[EXERCISE DIRECTIONS] Begin at the first line of the data and copy each line through the one containing "Avery Glossy White", that line included, with no pictures.

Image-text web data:

*** Block opens ***

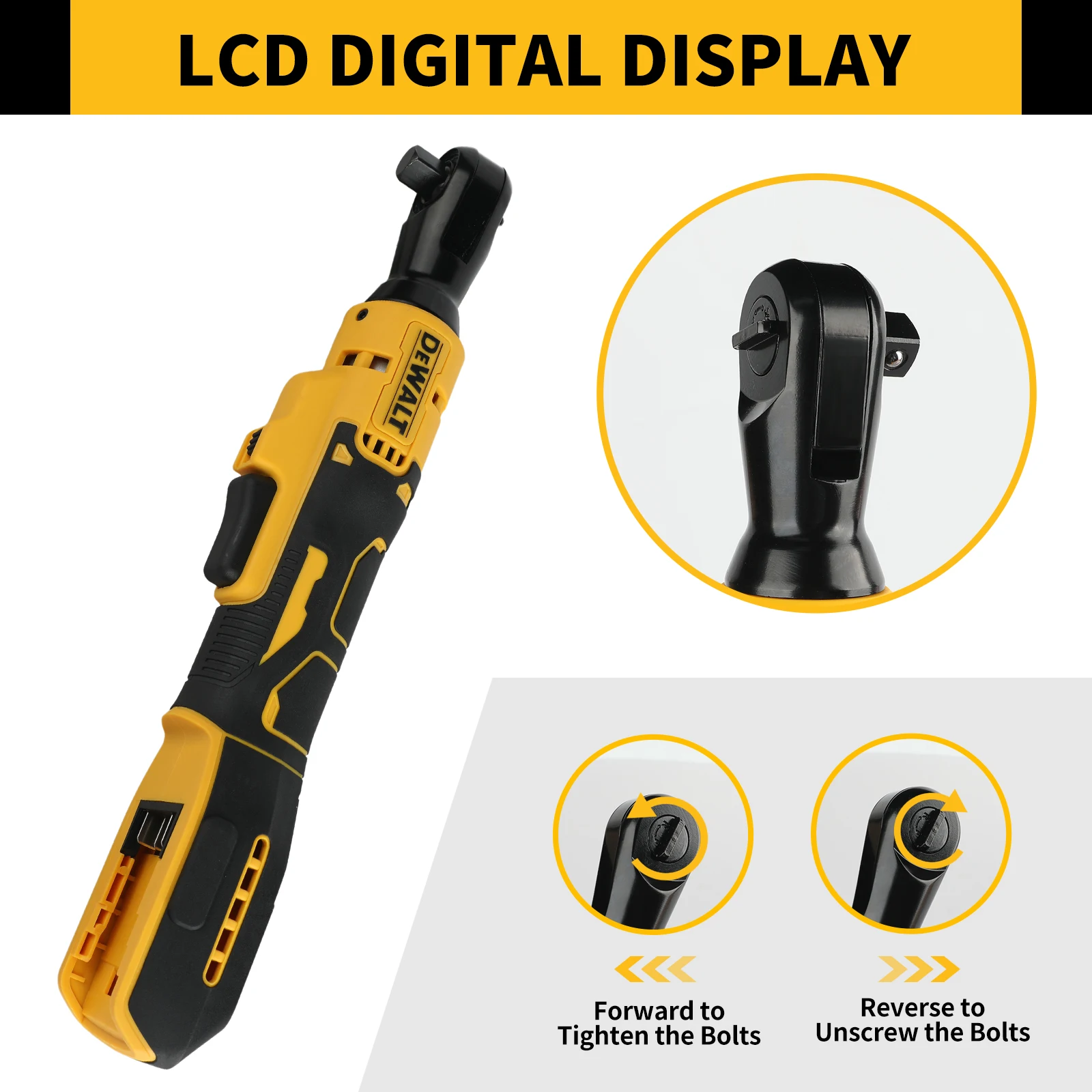 DEWALT DCF512B 20V Cordless Ratchet Wrench Right Angle Brushless Variable Speed LED Work Light Household Garage DIY Repair tools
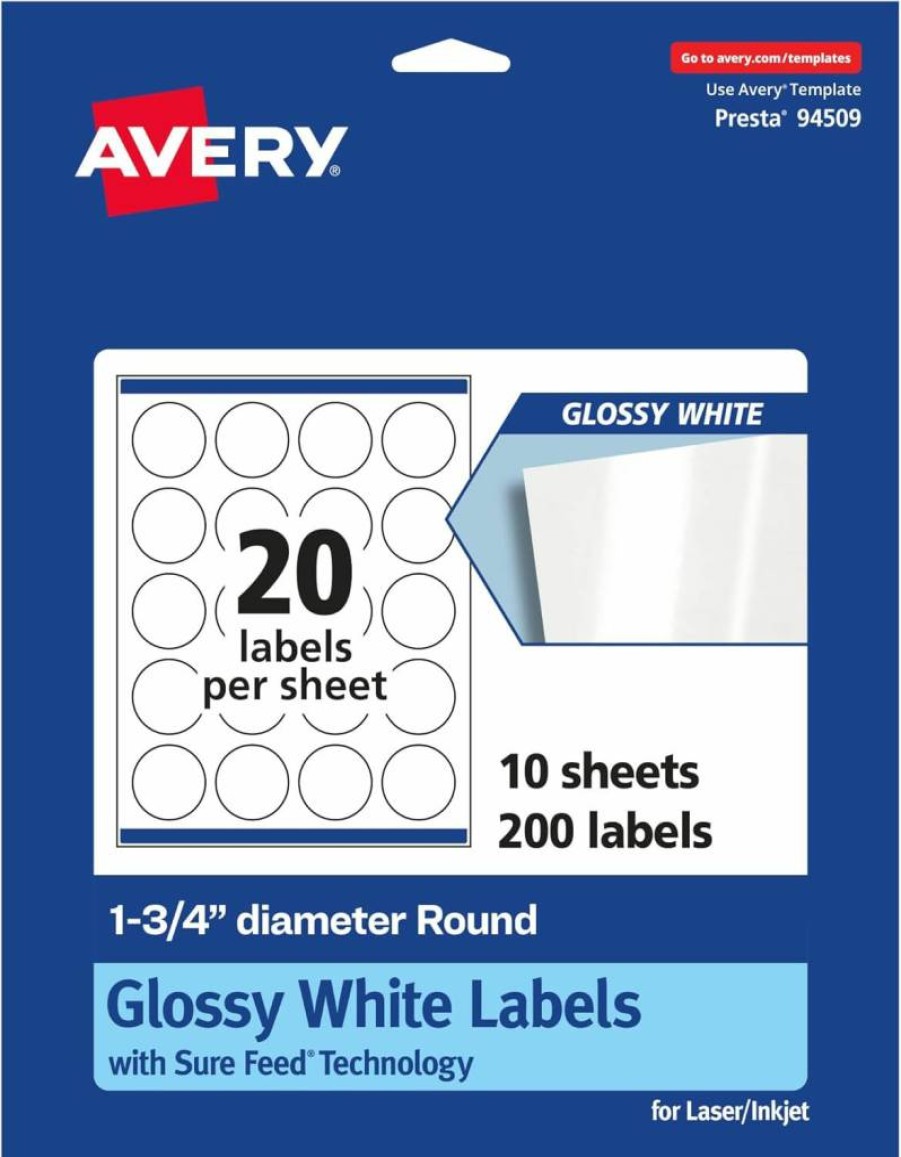 Avery Glossy White Round Labels 1.75" Diameter, 200-Pack, Sure Feed Technology, Permanent Adhesive, Laser/Inkjet Printable, Print-To-The-Edge Design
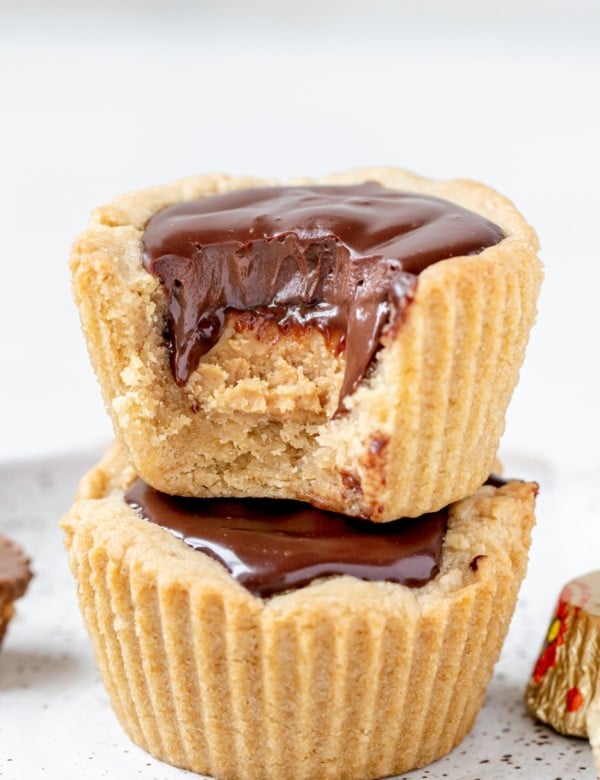 peanut butter cup cookies stacked on top of each other
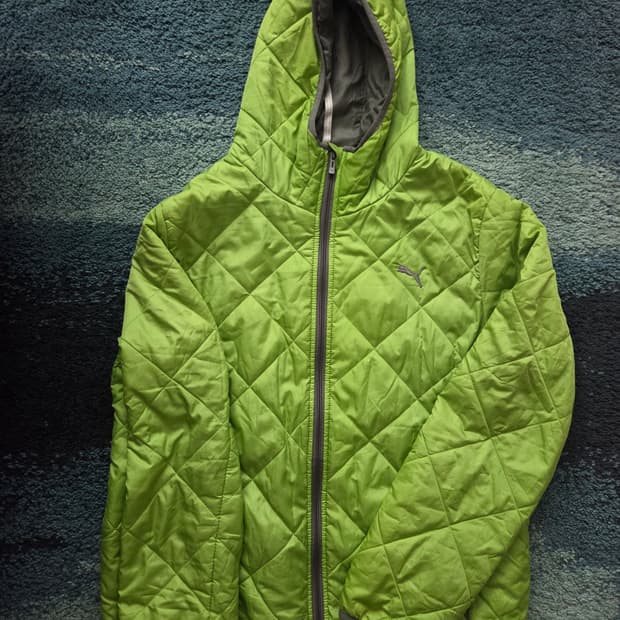 퓨마 경량패딩 L사이즈 그린 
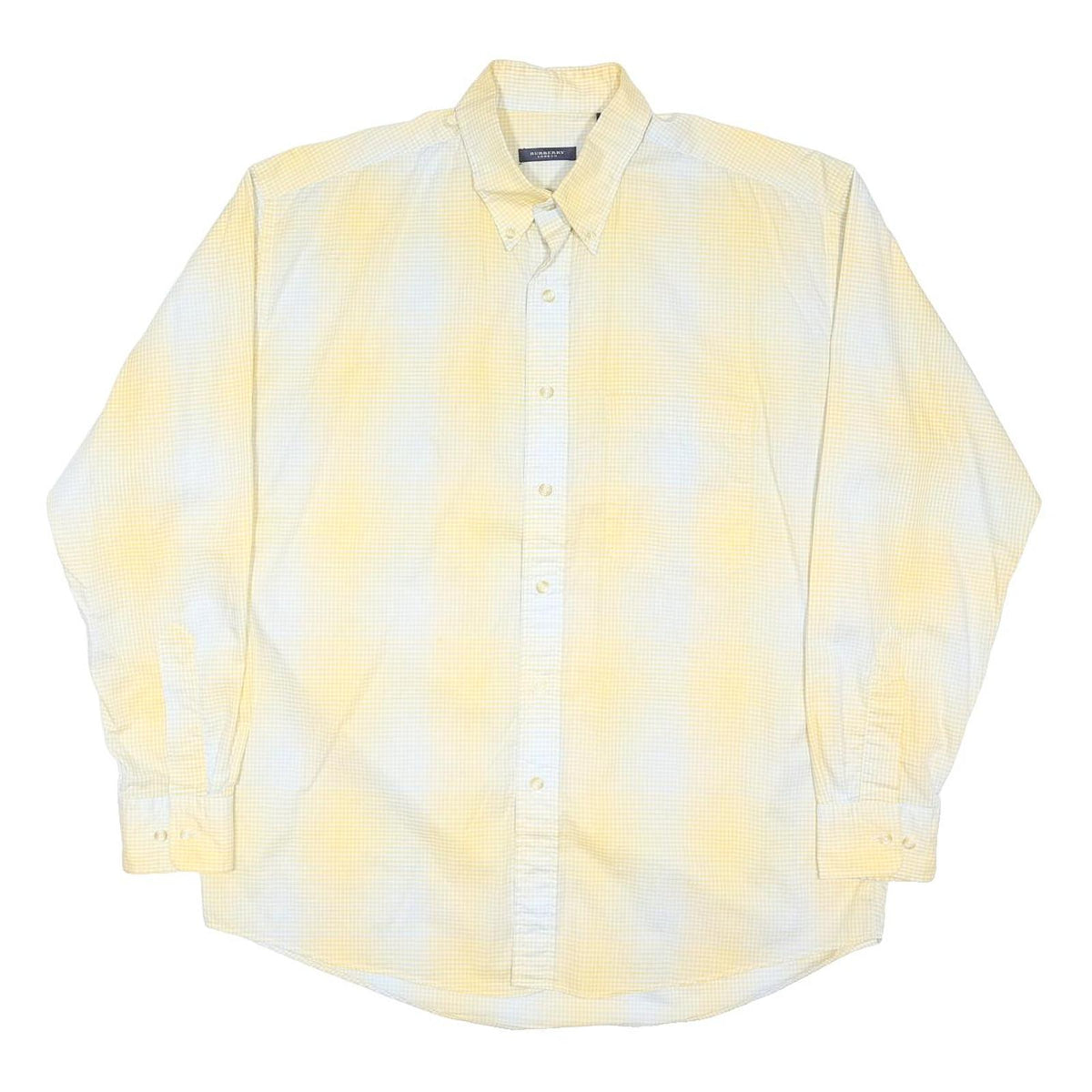 BURBERRY Mens Yellow & White Check Shirt L Long Sleeve Button Collar Casual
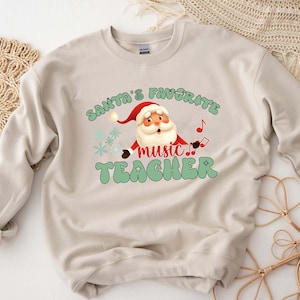 Music Teacher Christmas Sweatshirt, Music Teacher Shirt, Music Teacher Xmas, Christmas Teacher Sweatshirt, Retro Christmas Teacher Shirt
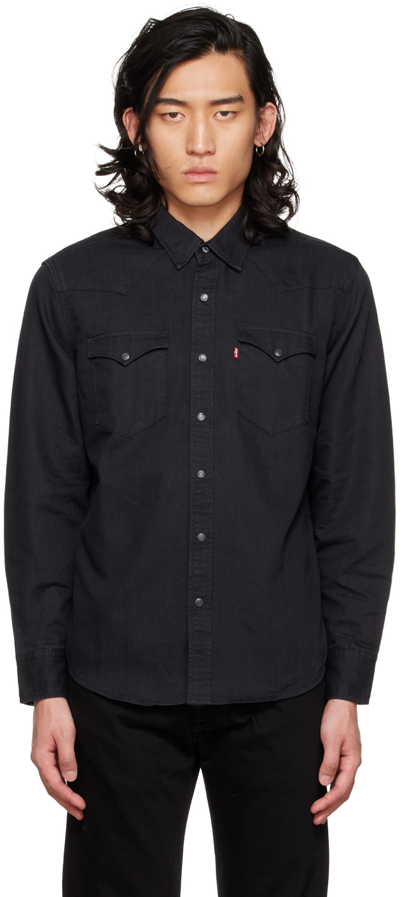 Levi's Black Barstow Western Denim Shirt In New Black Black Rins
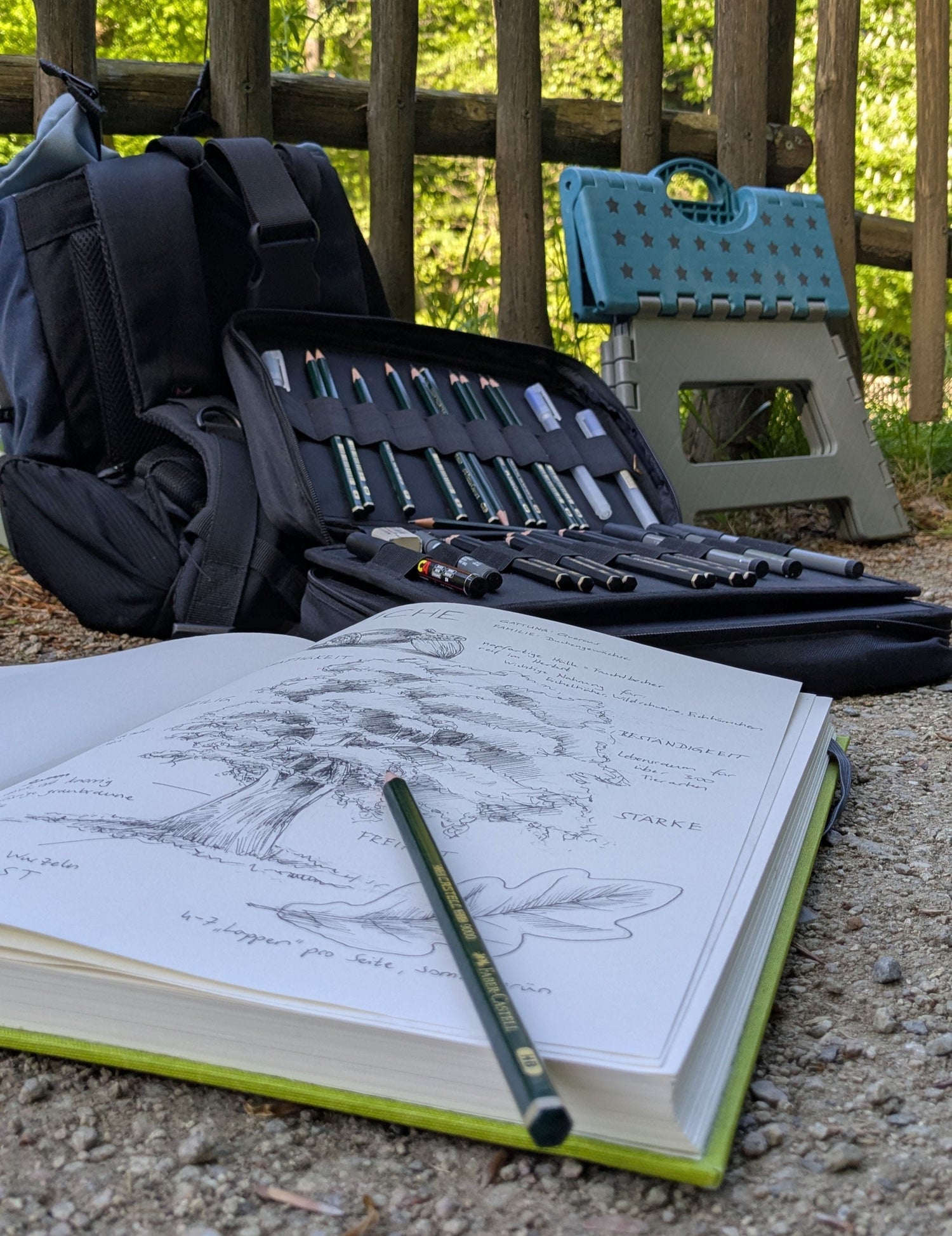 Skizzenbuch mit Skizze einer Eiche, im Hintergrund Stifte, ein Rucksack und ein Hocker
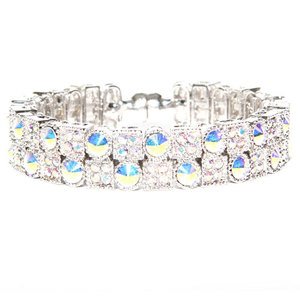 Aurore Boreale Silver Crystal Gemstone Bracelet made with Swarovski Elements 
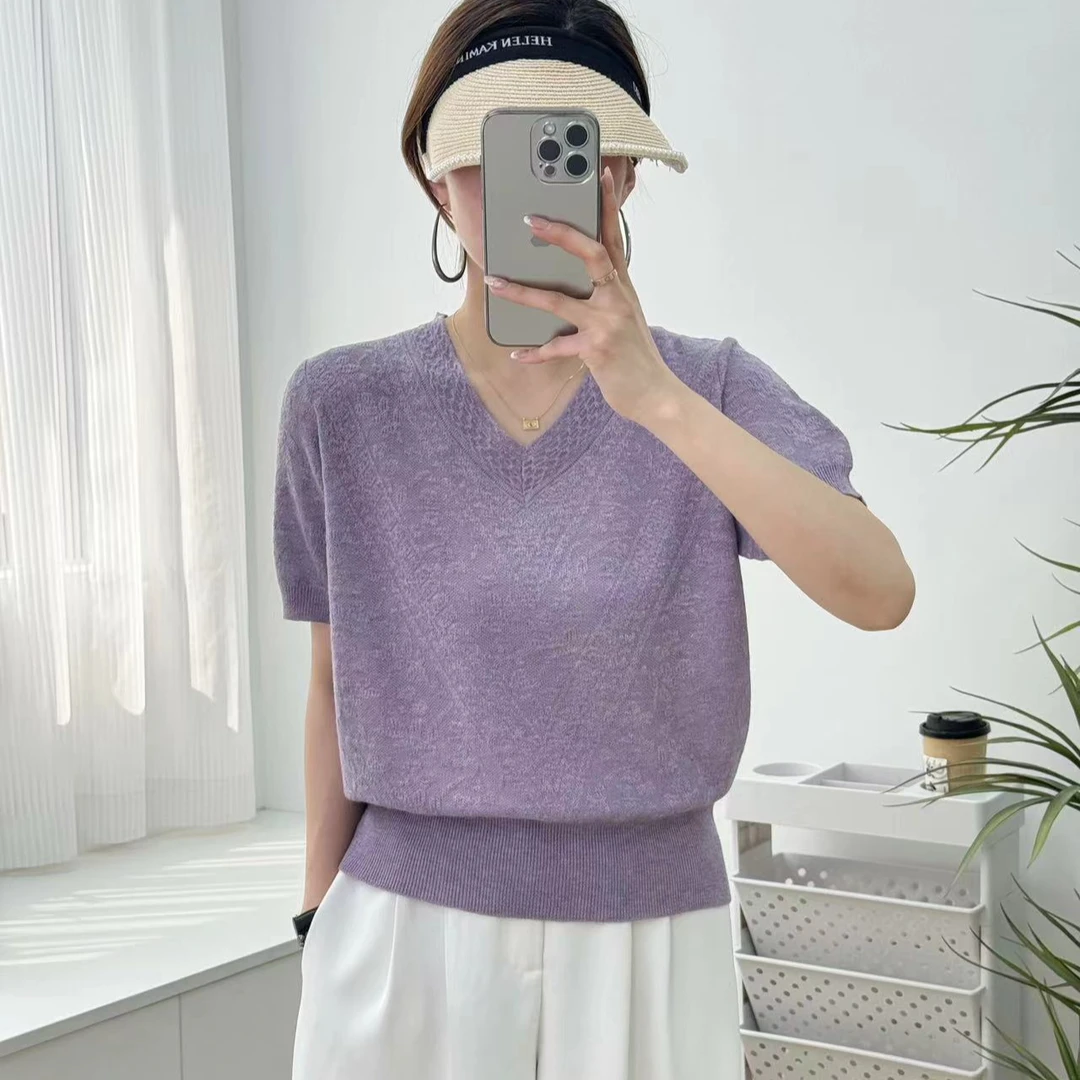 【紫V】新款时尚百搭套头针织衫气质v领A014
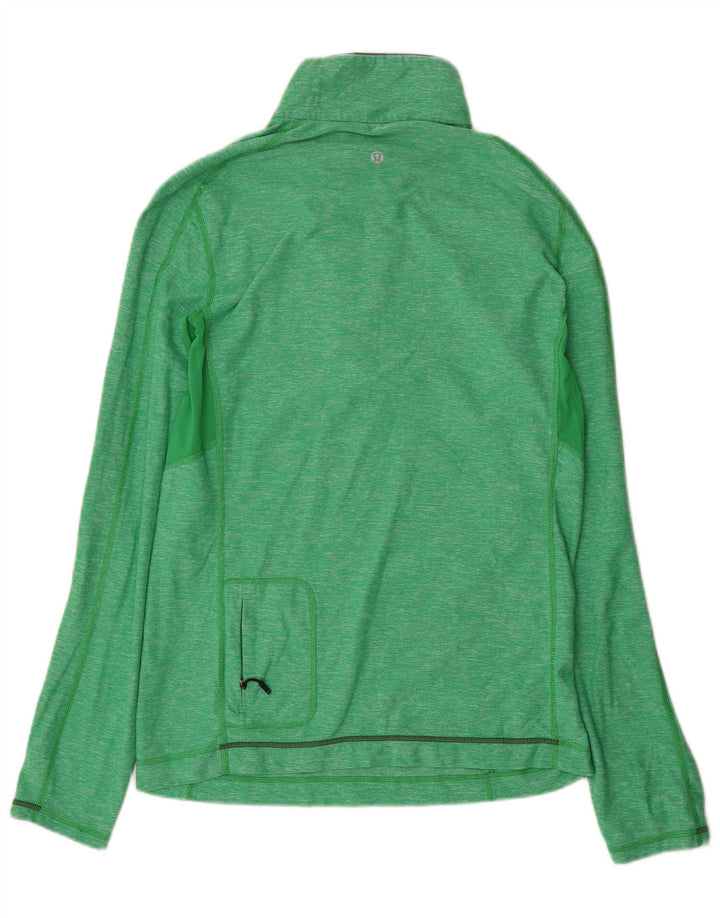 Lululemon Mens Zip Neck Jersey Chándal Top Nylon Moteado Verde Medio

*** Block closes ***

[THE COMPLETED TASK]
 DEWALT DCF512B 20V Cordless Ratchet Wrench Right Angle Brushless Variable Speed LED Work Light Household Garage DIY Repair tools
 Avery Glossy White Round Labels 1.75" Diameter, 200-Pack, Sure Feed Technology, Permanent Adhesive, Laser/Inkjet Printable, Print-To-The-Edge Design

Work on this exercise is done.